> _REQUIRED WORK_:
What is needed is every line from the one holding "Used 2018 Toyota" to the last line of the data below, printed exactly and without pictures.

─── INFORMATION GIVEN

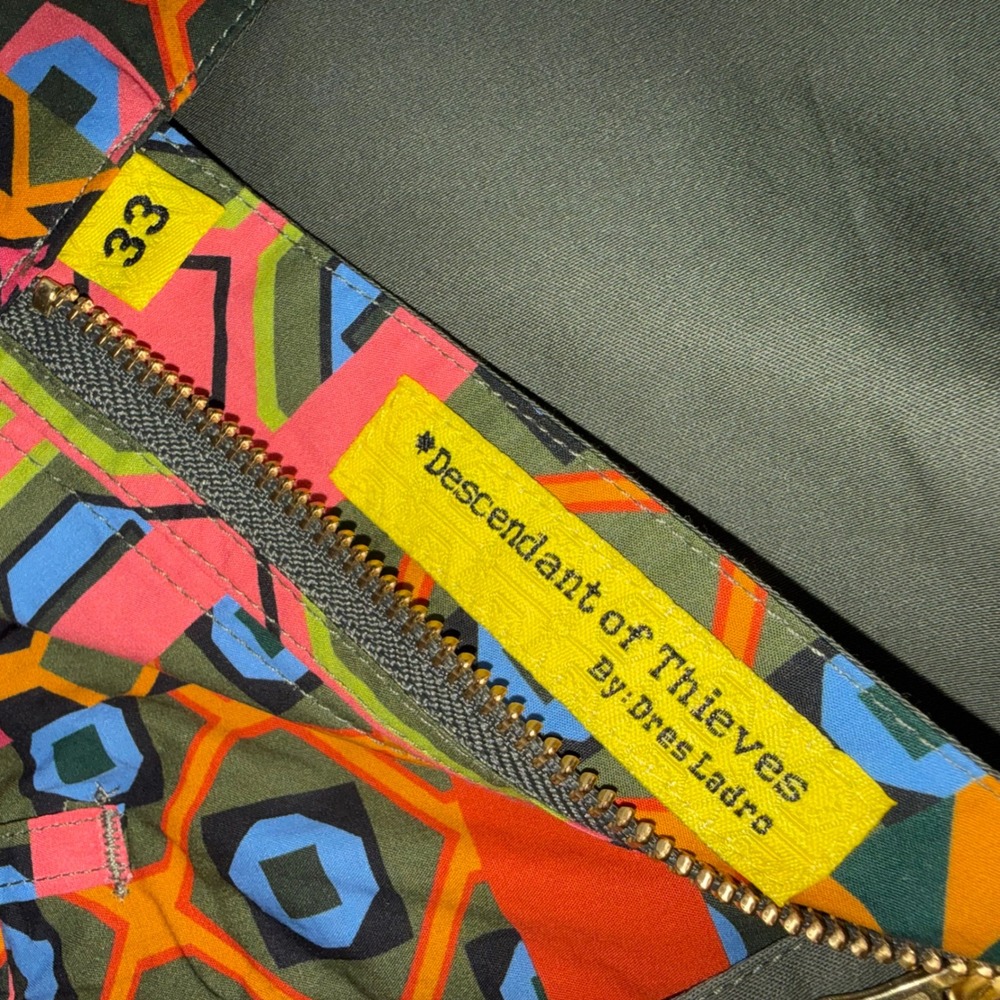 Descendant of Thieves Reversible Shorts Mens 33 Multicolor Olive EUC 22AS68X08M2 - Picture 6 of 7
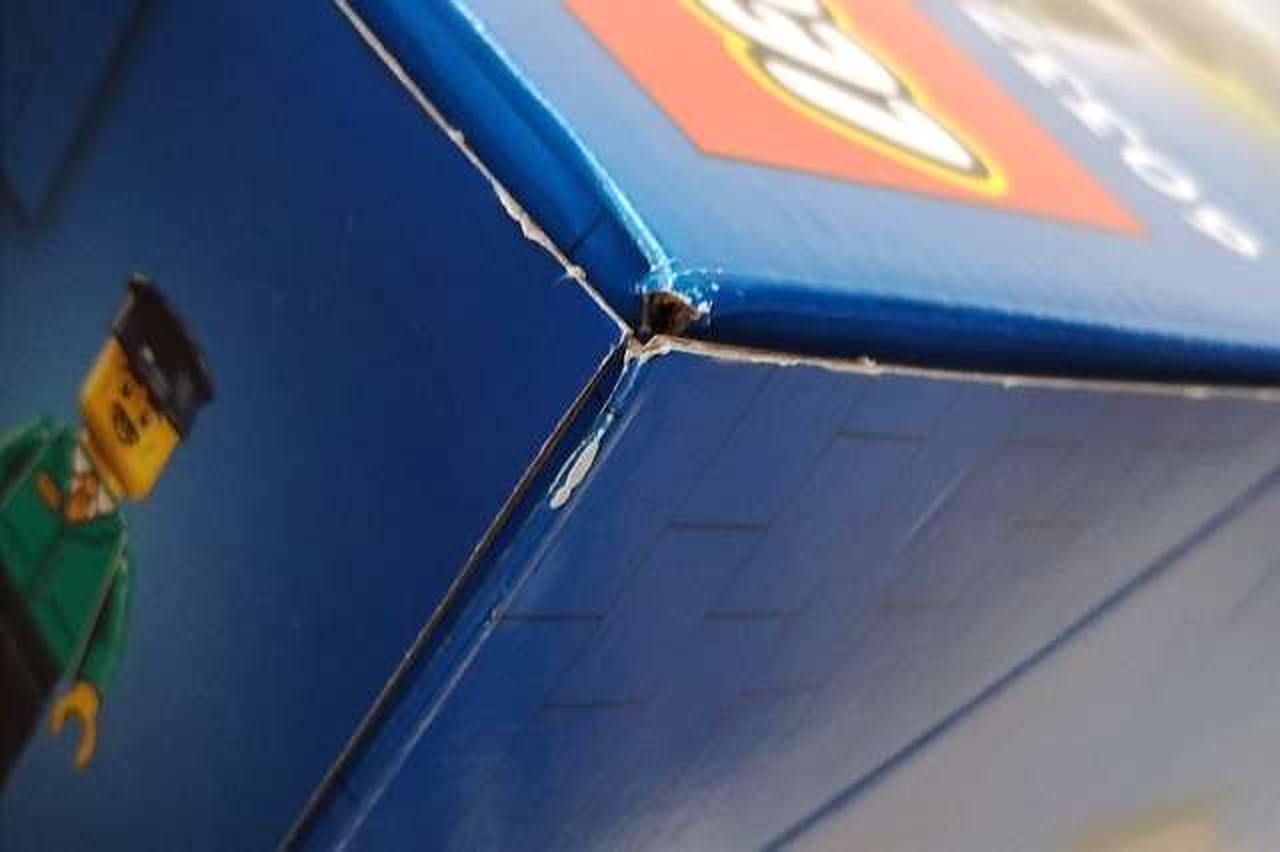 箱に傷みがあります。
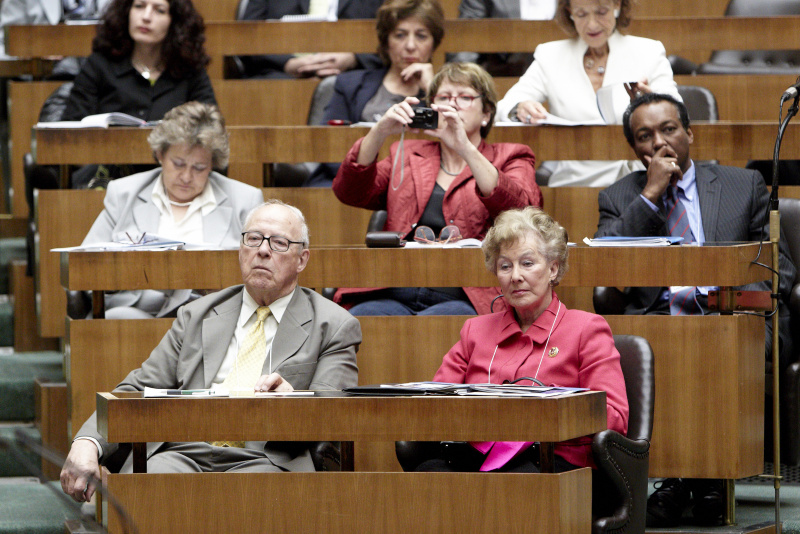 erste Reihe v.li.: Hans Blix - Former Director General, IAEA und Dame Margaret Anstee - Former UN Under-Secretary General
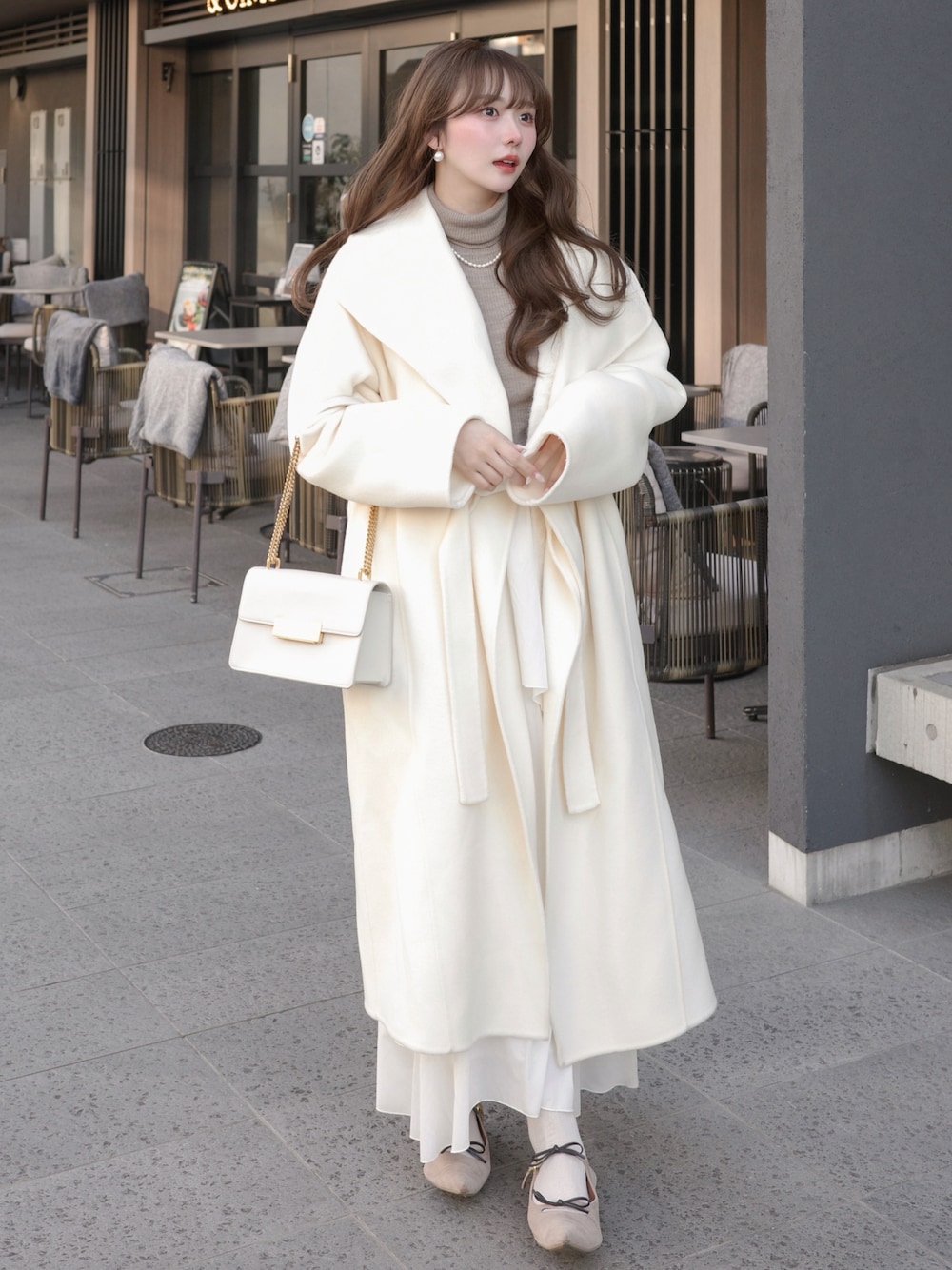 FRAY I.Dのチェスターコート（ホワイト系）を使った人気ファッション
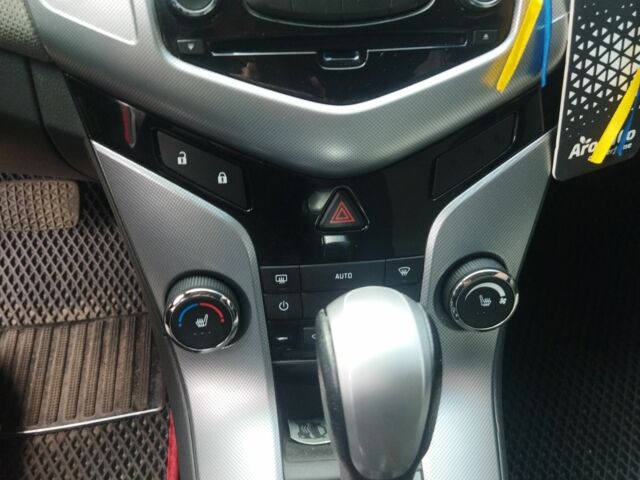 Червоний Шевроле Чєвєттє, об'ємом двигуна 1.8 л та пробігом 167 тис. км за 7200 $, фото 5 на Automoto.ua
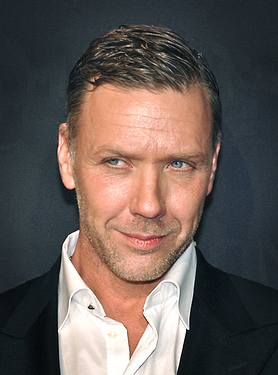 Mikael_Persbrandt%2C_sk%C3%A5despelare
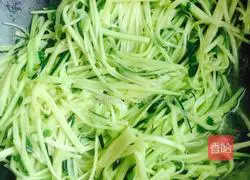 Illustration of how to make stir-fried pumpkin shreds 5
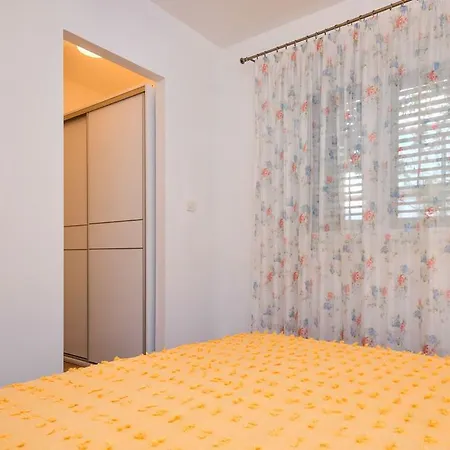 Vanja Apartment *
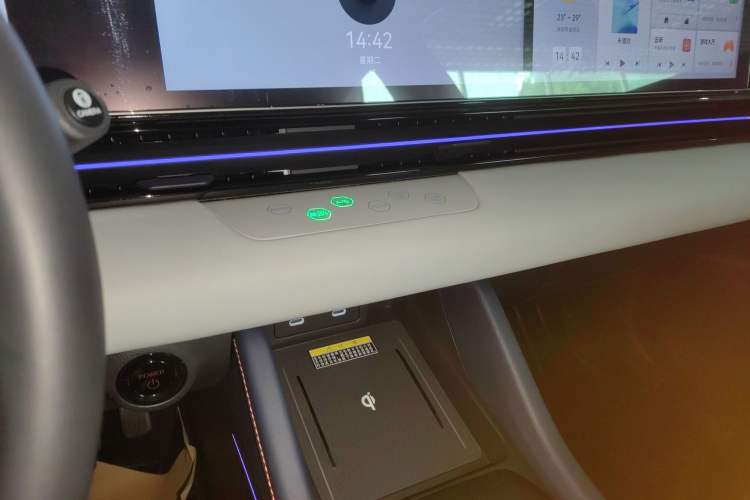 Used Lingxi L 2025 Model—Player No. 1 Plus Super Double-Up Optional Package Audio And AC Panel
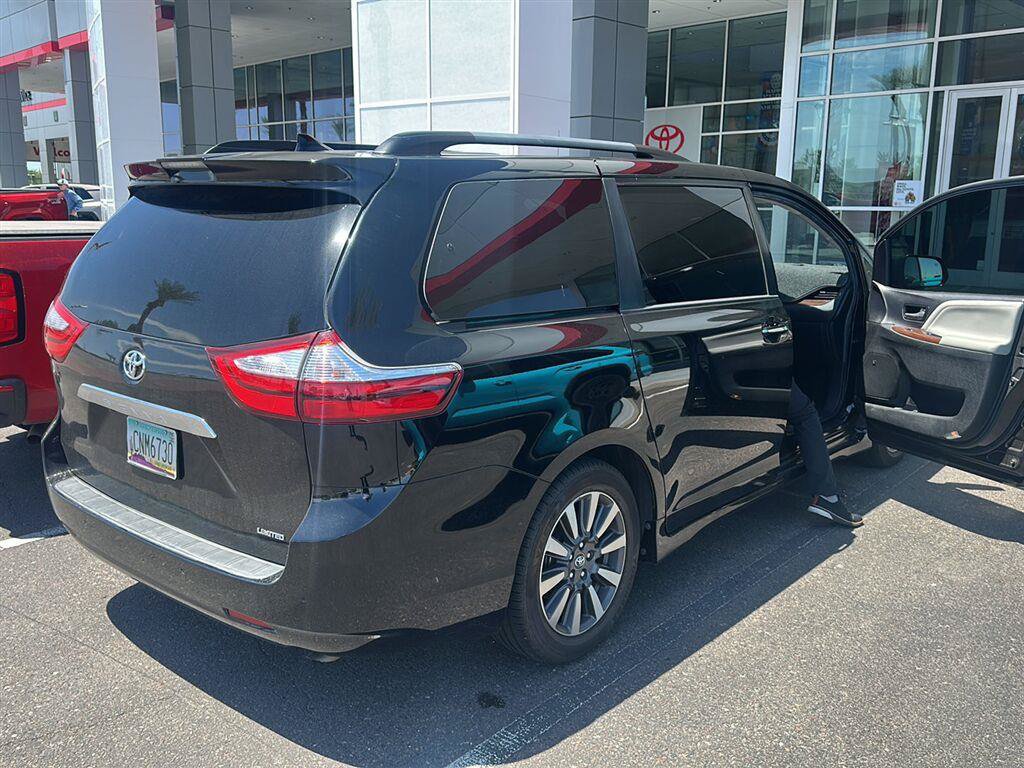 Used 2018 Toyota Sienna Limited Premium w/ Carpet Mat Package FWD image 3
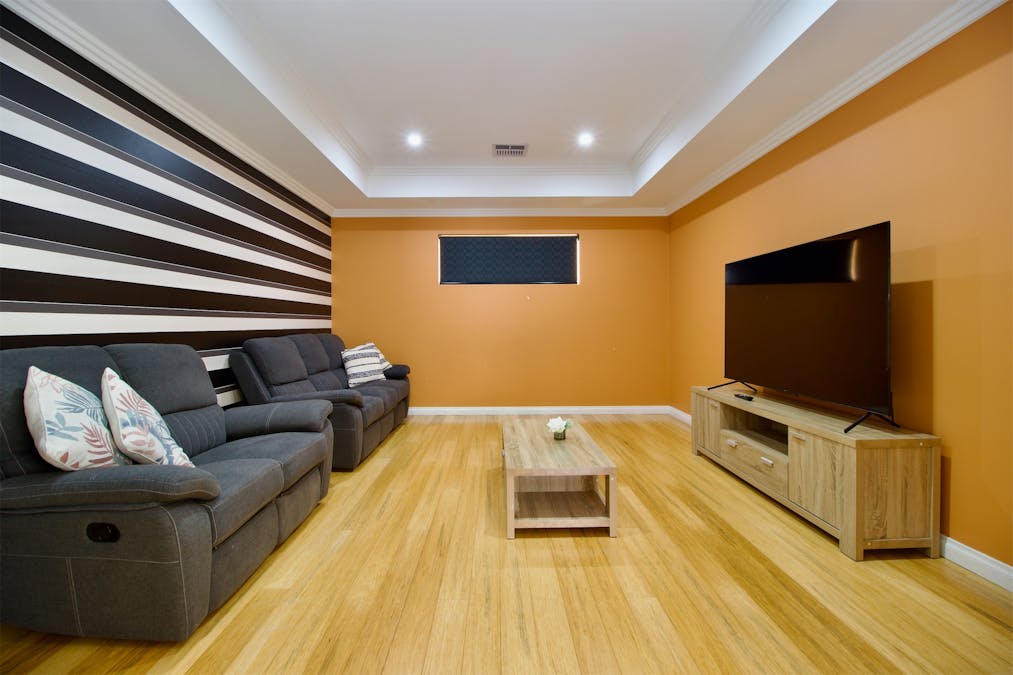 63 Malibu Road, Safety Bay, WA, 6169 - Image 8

──────

> _EXERCISE OUTPUT_:
 Used 2018 Toyota Sienna Limited Premium w/ Carpet Mat Package FWD image 3
 63 Malibu Road, Safety Bay, WA, 6169 - Image 8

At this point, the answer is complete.